I'm not sure if you have ever done any business planning, strategy, etc. - but most that have understand that that human resource line is both expensive, and a mountain of hassle. If you can cut it down, outsource it, etc., you do. And the bigger the swathe of people with the same role, the same responsibilities, the bigger the target for automation because you can do it once and then sell it 10,000 times over. Scale helps automation - and means whole LARGE job classes go almost overnight. Not a lot of scope for "User Experience Designer" to take up the slack. Worse, if you are being an entrepreneur, looking to build the next unicorn, you design the business model from the ground up to use automation, because that gives you quick scale. So the new companies don't have people wound into the fabric either.
Automation will be pushing at an open door.
And even if you won't take any of that, the threat of it happening alone should be enough to say that planning and preparing should be the order of the day. Like climate change, the risk of you being wrong is too great to not take action.
But our politicians aren't taking action.
In the main this is because they are law graduates who's understanding of technology is limited at best (they can tweet, woohoo). It's also that those that get to the top, to lead, are generally the oldest, and least connected with technology and how it can be used. Trump can't even manage email FFS.
https://hbr.org/2017/01/why-trump-do...out-automation
Nothing you have said has in any way invalidated or negated these factors. You don't even come close to really seeing the big picture, or presenting an alternative that joins together into a credible scenario. In the real world, Melbourne has continued to grow in population, and continued to add new jobs as a result.
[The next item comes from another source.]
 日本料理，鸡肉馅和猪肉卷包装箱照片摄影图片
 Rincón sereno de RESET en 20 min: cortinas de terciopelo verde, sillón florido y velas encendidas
However it's unemployment percentage stays roughly the same - new demand isn't translating into new jobs in a sustainable manner - now - and that's before automation hits. What happens when another GFC hits, probably at the same time automation takes a chunk out of existing jobs? In the real world things are already in trouble, and no amount of telephone sanitiser wishful thinking is going to be a fix for that.